DESCRIPTION OF THE TASK |
Write out word for word each line from the one containing "Young pretty woman" through the close of the listing, including both ends. Pictures do not belong in the copy.

EXERCISE INPUTS |
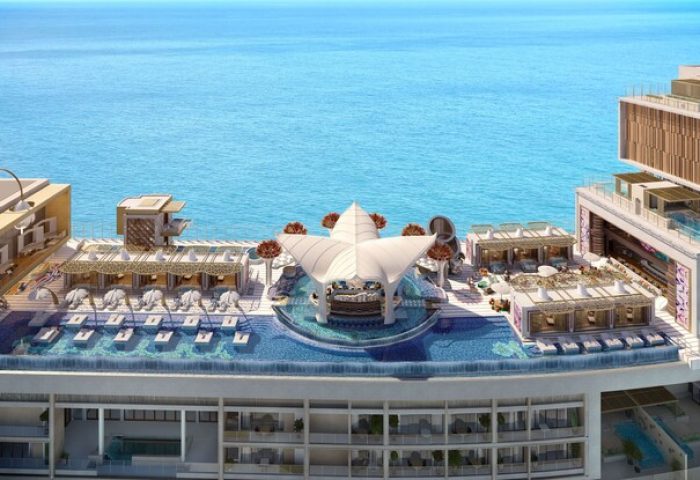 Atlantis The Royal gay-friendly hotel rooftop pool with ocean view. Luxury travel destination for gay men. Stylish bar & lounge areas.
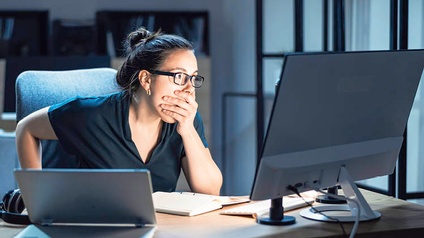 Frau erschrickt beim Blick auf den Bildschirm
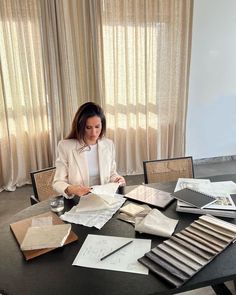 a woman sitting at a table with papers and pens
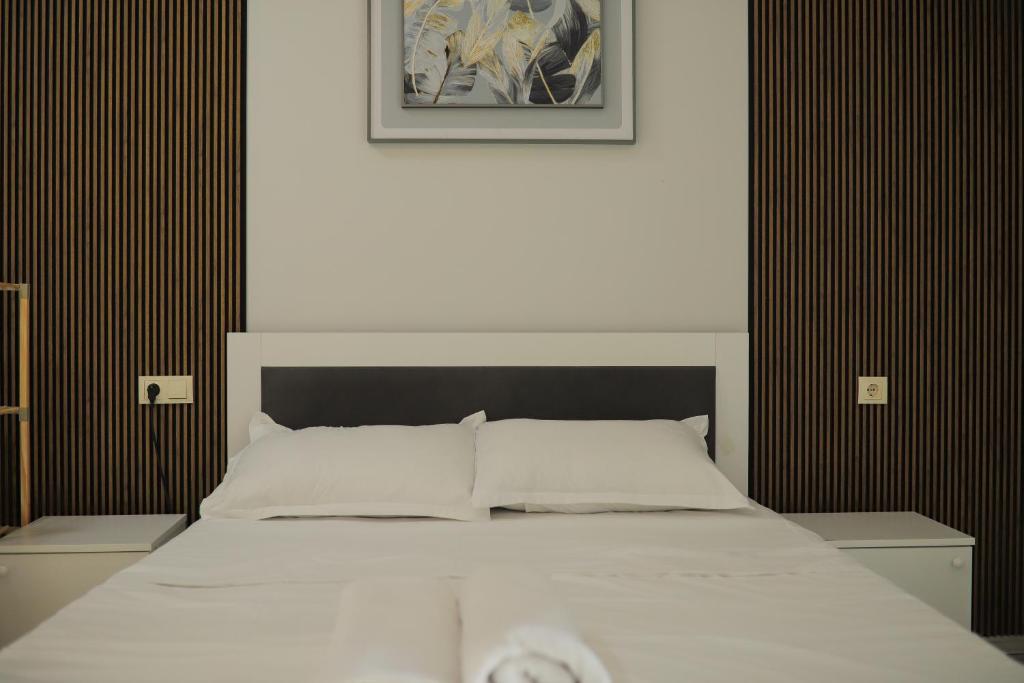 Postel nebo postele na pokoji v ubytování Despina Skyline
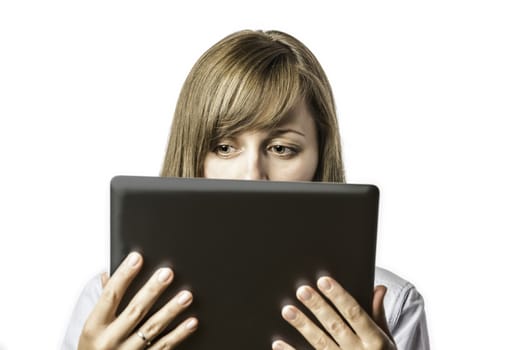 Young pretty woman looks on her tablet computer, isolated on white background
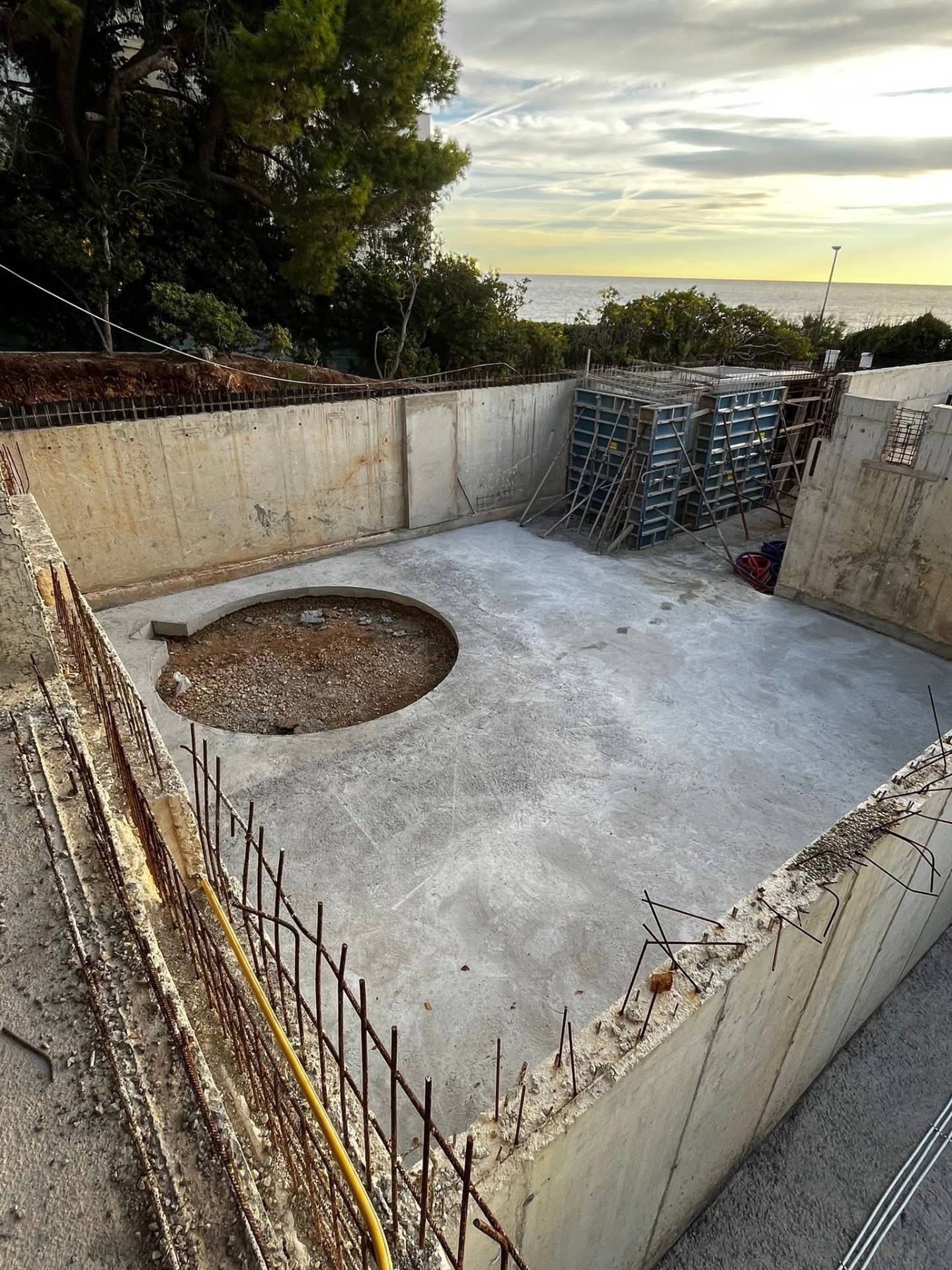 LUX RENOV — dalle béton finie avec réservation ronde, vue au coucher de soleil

FINAL ANSWER |
 Young pretty woman looks on her tablet computer, isolated on white background
 LUX RENOV — dalle béton finie avec réservation ronde, vue au coucher de soleil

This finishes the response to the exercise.